Today, there was the victory parade.  It was closed with a rousing speech by the prime minister and Conservative leader, David Cameron and a tub-thumping, somewhat salty (“You have inspired a generation  and you have created a generation – oh, come on, I can get away with that one”)speech by Boris Johnson, the London mayor and Tory leader.  Princess Anne had a speech separating the rivals, as a rose between two thorns.  I tried to imagine the man who would be prime minister as the resident of 10 Downing Street and it isn’t that preposterous anymore.
So, there it is.  A wonderful month and a half of sport.  Roll on Rio.

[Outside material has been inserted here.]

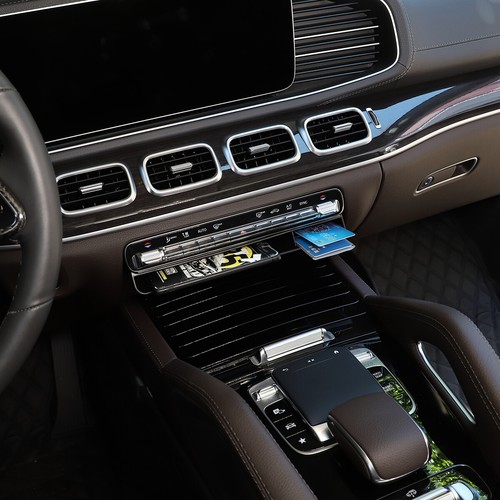 ABS Center Console Storage Box Casing Glove Box Tray For Benz GLB GLE GLS 20-21 - Bild 5 von 9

Saturday, September 01, 2012

Watch-changing time


In qualifying for the group stage of the Europa League over Atromitos, Newcastle United rode a wave of luck a mile wide.  To be sure, injuries to Ryan Taylor and James Perch are the last thing a small squad needs, but in the actual matter of advancement in the competition, NUFC can be hugely relieved.  Two certain penalty appeals against them that resulted in bookings for diving to the Atromitos players fouled and the goal scored was the result of a massive deflection.  In fairness, they were going through anyway on the away goals rule, but as it was 1-1 from the first leg, the maths of the Greeks needing to score at least one goal was unchanged from going behind.  Atromitos were far from atrocious and Newcastle have still to rediscover last season’s mettle in their first four games of the season.  Ramadan has undoubtedly affected Muslim players Demba Ba and Papiss Cisse, Ba handling it slightly better in his second season on Tyneside.  They will improve when eating on a more standard basis.

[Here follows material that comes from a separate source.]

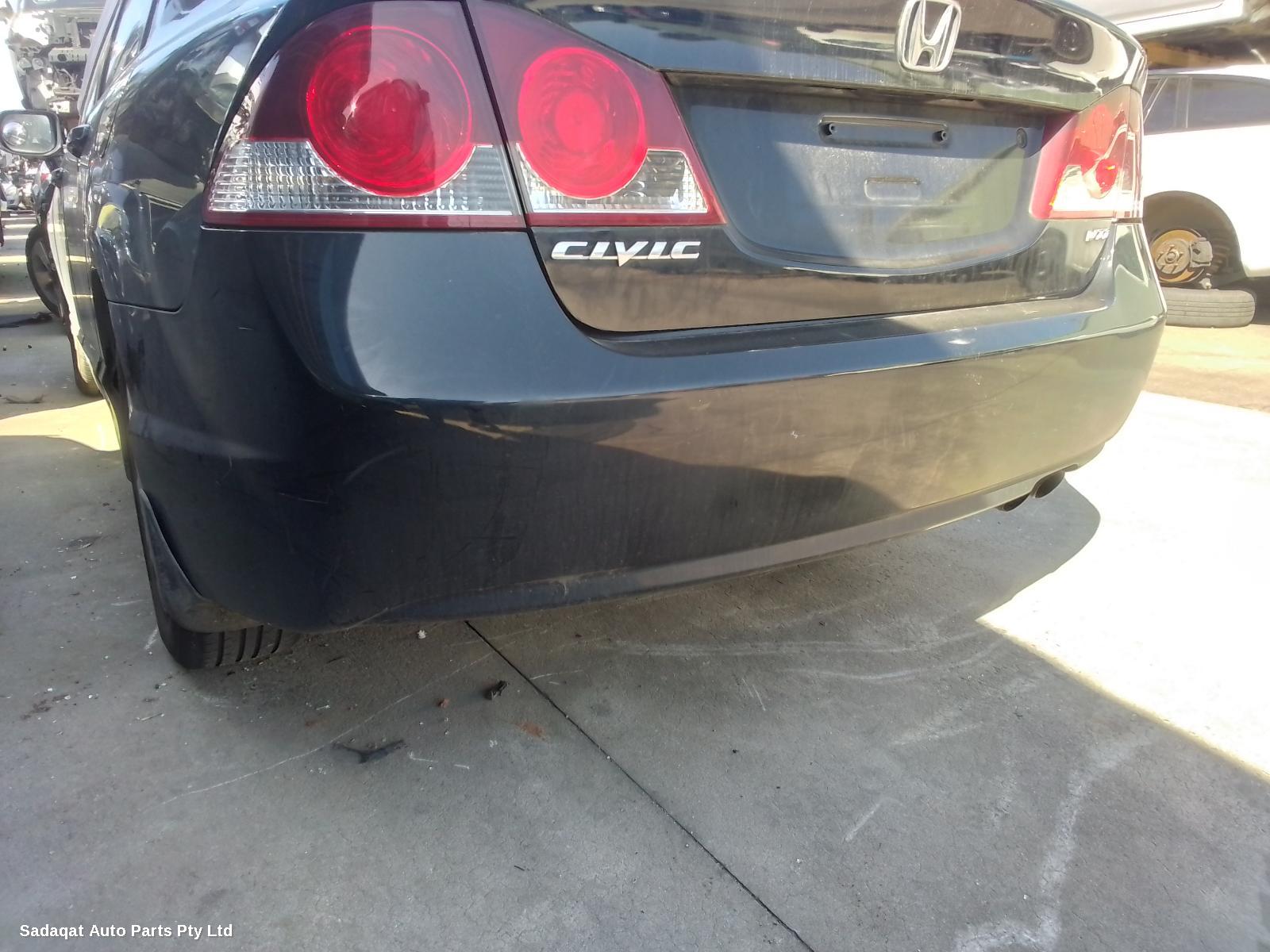 Honda Civic Left Taillight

Chelsea were also lucky in their Super Cup meeting with Atletico Madrid – an unusual statement when they lost 4-1, but Atletico struck the bar twice on their own account and once off Chelsea defender David Luiz, so it could have been 7-1.  I tuned in quite late on when Atletico were four-nil up and saw Gary Cahill register, so I witnessed a 1-0 Chelsea win.  In reality, Atletico did to the west Londoners what Bayern Munich should have done, had they not been spooked by the pressure of the possibility of winning the Champions League trophy at home.
Atletico’s comprehensive victory despite hitting the post three times, lays bare the pathetic nature of Liverpool’s play last season.  The management pointed to how many times they had hit the bar, but there comes a point when it moves from bad luck to bad shooting and Atletico are the gleaming example.  This season Liverpool have to travel to Anzi Makhachkala, a southern Russian club in the most dangerous regions of the world.  Killings, kidnappings and mass criminality in general are issues with which the Scousers have to contend and then they leave Liverpool to travel to southern Russia.